It was a parlour party: home stereo played music she did not recognize, the TV was on but muted, casually-dressed guests stood in clusters or perched on the sofa, a red cup or a plate of small chops in their hands. A cake sat on the glass centre table, square and white, its edges designed with delicate whorls of deep blue icing. Happy Birthday TJ, it read.

Promise introduced her to the celebrant, and to some of the guests she had never met before.

“This is Kunbi Elumoye. That lady over there – no, not the one in the black dress. Her friend. Yes. That one. That is Lanre Bankole. She is a scriptwriter. Do you watch Tinsel? She is one of their writers. You know Adaeze, don’t you? Adaeze Cole. That funny babe that does Instagram skits. Look at her. You’re quiet. Are you okay?”

“Yes, I’m fine.”

“Are you sure?”

“Yes, I’m sure.”

“Okay-o. Better don’t be shy. You that you’re fire in the inbox.” He stroked her cheek. “Smallie.”

Her stomach knotted.

“Do you drink?”


“Big girl like you. Let me find you Fanta.”

He returned with a bottle of Fanta and a small plate filled with stewed ponmo, a toothpick stuck in it. The ponmo was a little peppery, but she ate it anyway. Promise stared at her.

Someone passed and hailed him. “Promiskoko!”

He laughed. “This Solomon na mad guy, I swear.”

She adjusted the strap of her purse and held the Fanta tighter. Promise’s hand was sure on her waist. She wanted to pee. Before she could tell him, the music selection changed. Olamide’s Wo filled the room and the languid party roared to life. Two guys removed the centre table and the floor crowded with dancers. Promise pulled her into the crowd. The music was too loud, the beats boom-booming through her head, her body, her chest. She allowed herself to loosen up. Promise must have felt it too, because when Kiss Daniel’s Laye came next, he moved closer to her, ground his crotch into her backside. She wanted to stop him, shift away, but she didn’t want him to say she was being stiff, so she let him. Besides, other couples on the floor were pressed into each other’s crotch to backside. So. Rihanna’s Work came up. Someone let out a joyful yell. Promise grabbed her waist and tried to rotate it. She grabbed his wrists and held it.

They were dancing, Rihanna becoming Kiss Daniel becoming Tekno becoming Burna Boy when someone said something funny and the whole floor laughed. She laughed too, and Promise held her close. She didn’t push back. The laughter had finally erased what remained of her fears. She sipped a little more Fanta. They danced on.

In the middle of all that noise, the dancing, the laughter, Promise pulled her out from the crowd and led her into one of the rooms.


She would have noticed the room. The colour of the walls, the things in it, the smell, but she did not. Could not, because as soon as they were in, Promise locked the door and began to kiss our girl. His movements were quick, fervid and feverish, tongue darting in and out of her mouth as though she was an ice cream prone to melting if he didn’t lick it up quickly.

“Promise, stop.”

He did. “What?”

She had no words. How to tell him that she didn’t want sex without explaining why? How to say no after their chats? He sent her money. Would he ask her to return it? Stop it Bimpe, you’re being childish, she told herself.

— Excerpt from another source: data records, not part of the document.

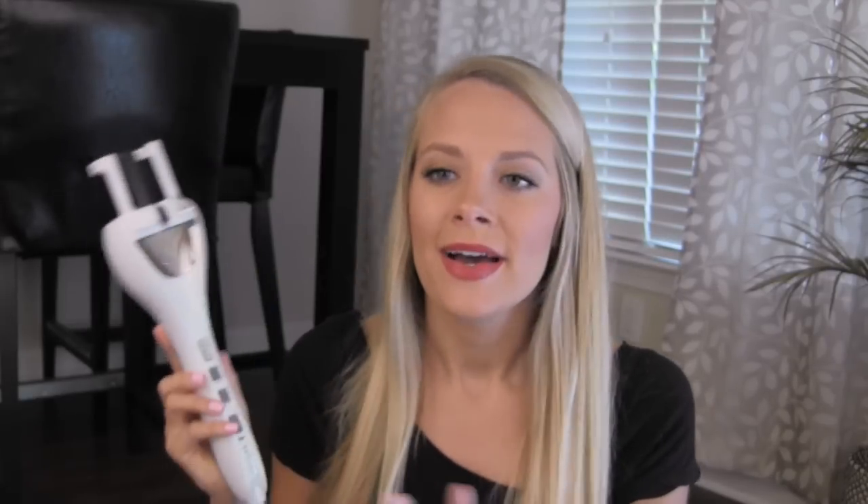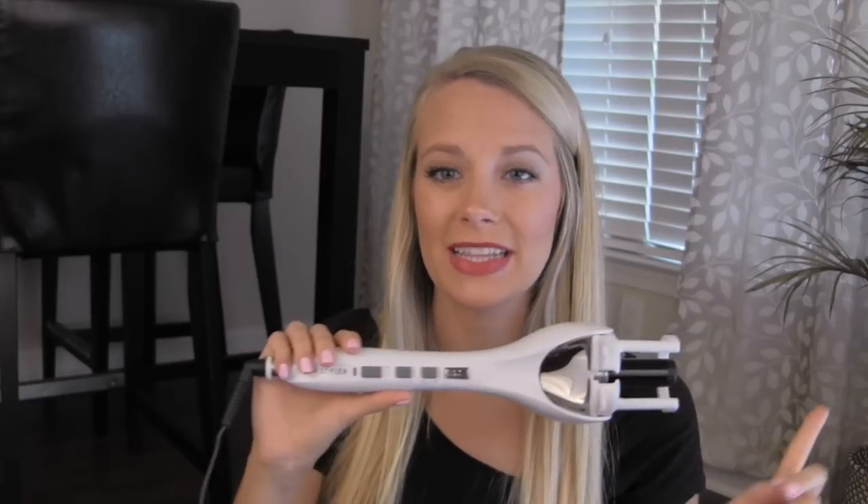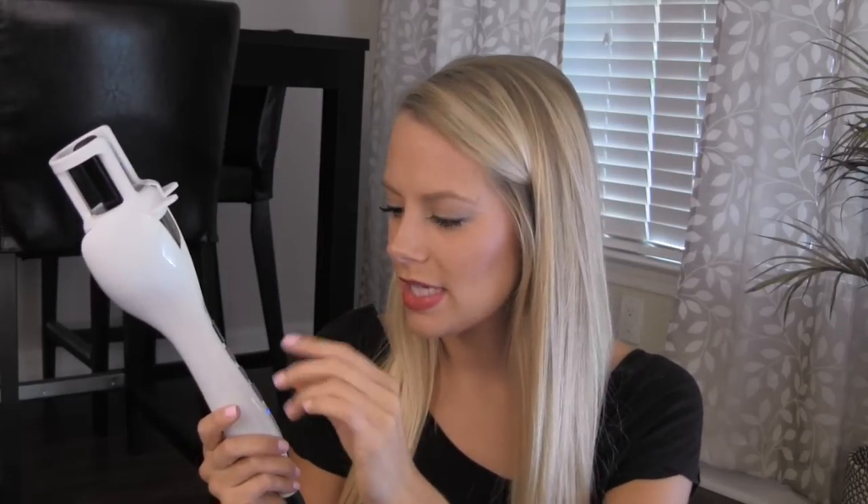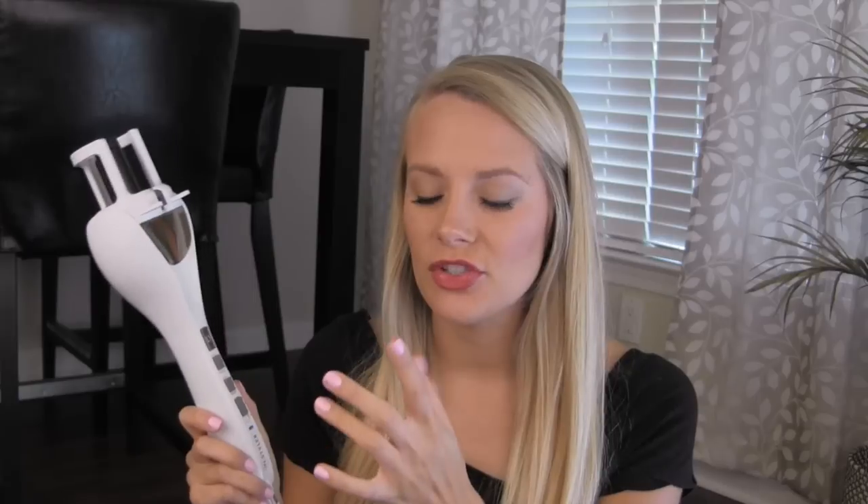So it will circle your hair left, right, left, right with each curl, or you can have them all go left or all go right. I'm going to try the alternating one. I've tried this once before on one piece of hair and didn't get it very well, so this is pretty much a first impression. I'm putting it on high and leaving it on eight seconds.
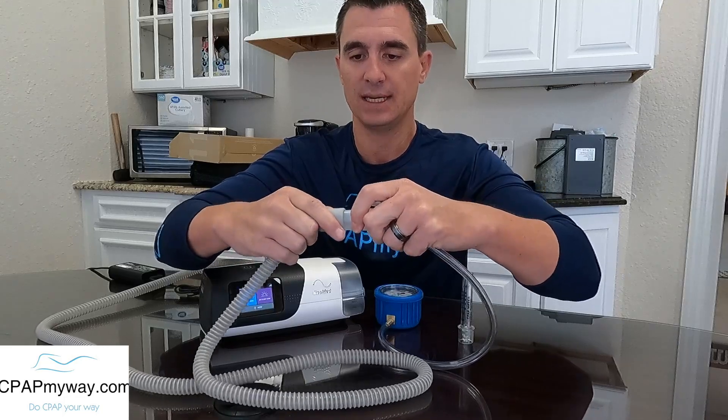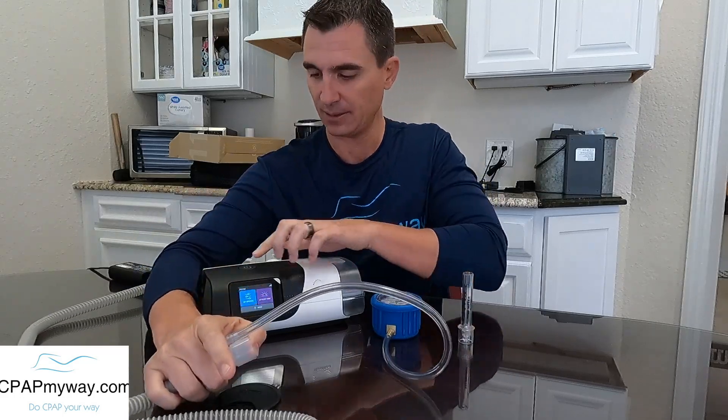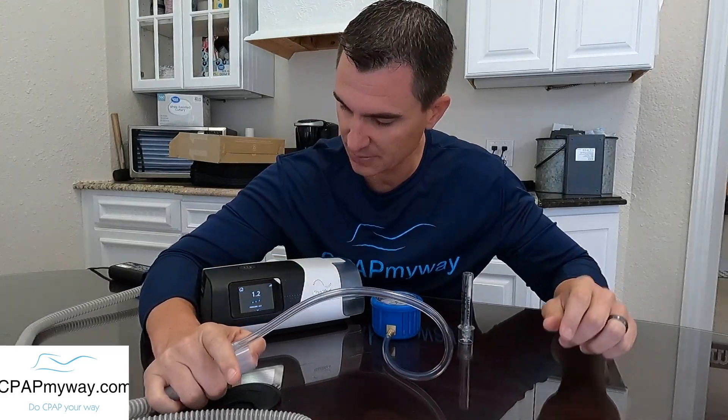This is an AirSense 11. I've got it set at 10 centimeters of pressure and I'm going to show you how to check if this machine is blowing at the correct pressure on both types of manometers. To use the professional manometer, you hook up this little bleed adapter, cover the outlet, and then crank up your CPAP.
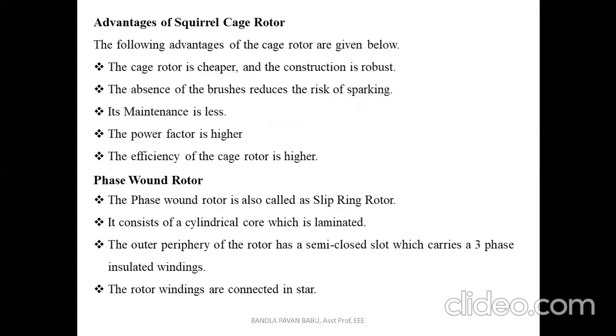The advantages of the squirrel cage rotor: it is cheaper in cost compared to the other type; the construction is robust; it does not require any brushes, which reduces the risk of sparking; maintenance is less; the power factor is higher; and the efficiency of the cage rotor is high. There are no slip rings or brushes required, and no need to change external resistance since the rotor circuit resistance is fixed.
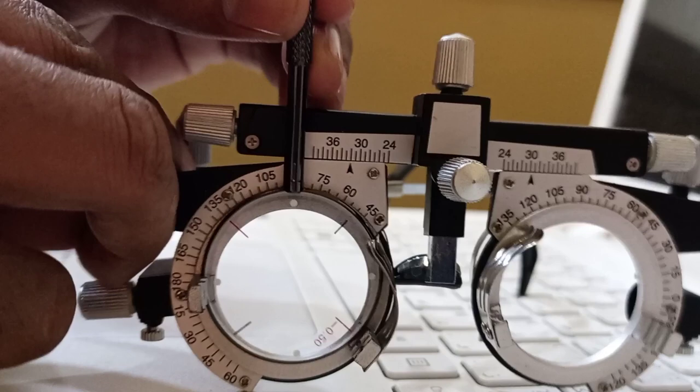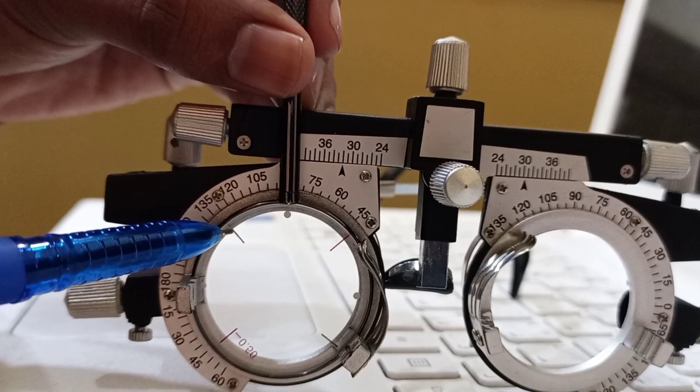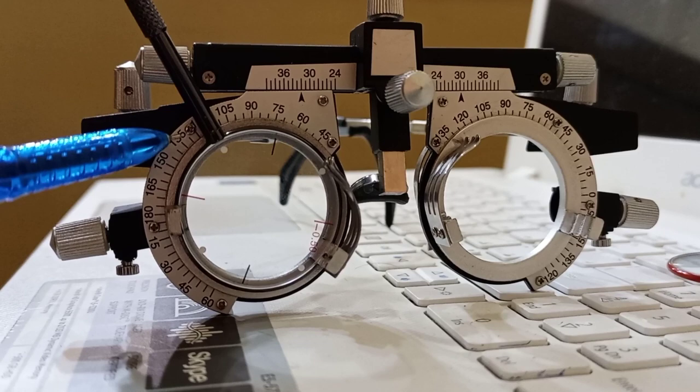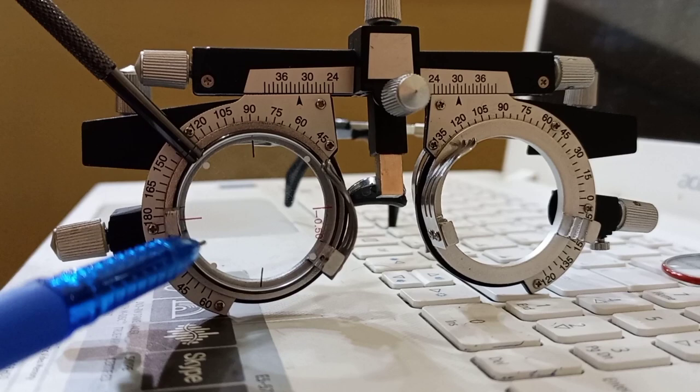The handle can be flipped, so when I flip the Jackson cross cylinder at the same position, the minus line is at 45 degrees and the plus cylinder line is at 135 degrees. When I place the handle at 135 degrees, the black line which is the plus cylinder axis is coinciding with 90 degrees, and the red line of the minus cylinder axis is coinciding with 180 degrees.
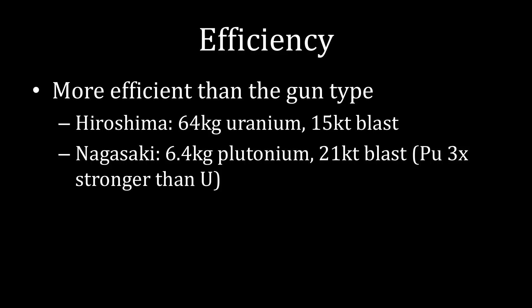The major advantage of this sort of construction is that it is way more efficient than the gun type. The Hiroshima bomb had 64 kilograms of uranium and produced a 15 kiloton blast. By comparison, the Nagasaki bomb had only 6.4 kilograms of plutonium — one-tenth of the weight — but caused a 21 kiloton blast. To be fair, plutonium is naturally three times stronger than uranium, so that one-tenth discrepancy is a little misleading. But the important conclusion is that the Nagasaki implosion-style bomb more efficiently converts nuclear material into an explosion.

She smiled. “Nothing. Just take it easy.”


He continued.

Relax, Bimpe. You have this under control.

And she did, because when Promise tried to unzip her dress, she held him firmly. When he tried to part her legs by slipping a hand between them, she held him too. When they got to the bed and he tried to lie atop her, she turned him over, straddled him, and said, calmly, “I don’t want to have sex.”

“Oh,” he said. Disappointment raced across his face. “So what do you want to do?”

We could get to know each other. Do you even know my real name? Do you know my age?

“Do you love me?” she asked, instead.

His brows furrowed, as though he encountered a strange question in an examination he was over-prepared for. But the confusion was as brief as a blink, gone before she could register it.

Ahan. I love you na. Would I ask you to come if I don’t?”

“Okay.” Yes, Bimpe. Yes!

“So what do you want us to do?”

“I don’t know… Maybe kiss?”

“Kiss? Okay-o.”

A kiss, but his hands still wandered towards her crotch, his erection visible through his jeans. In his back pocket, she felt something circular: a condom? Finally, he groaned.

Arggh, Flora. Shit.”

“I’m sorry.”

“I’m hard. Can you touch me? Just help me cum.”

Risky business, Bimpe. Risky business.


He unbuckled his belt, pulled down his trouser and underwear. His penis sprang free. When she knelt before him, it aimed directly at her face. She stared.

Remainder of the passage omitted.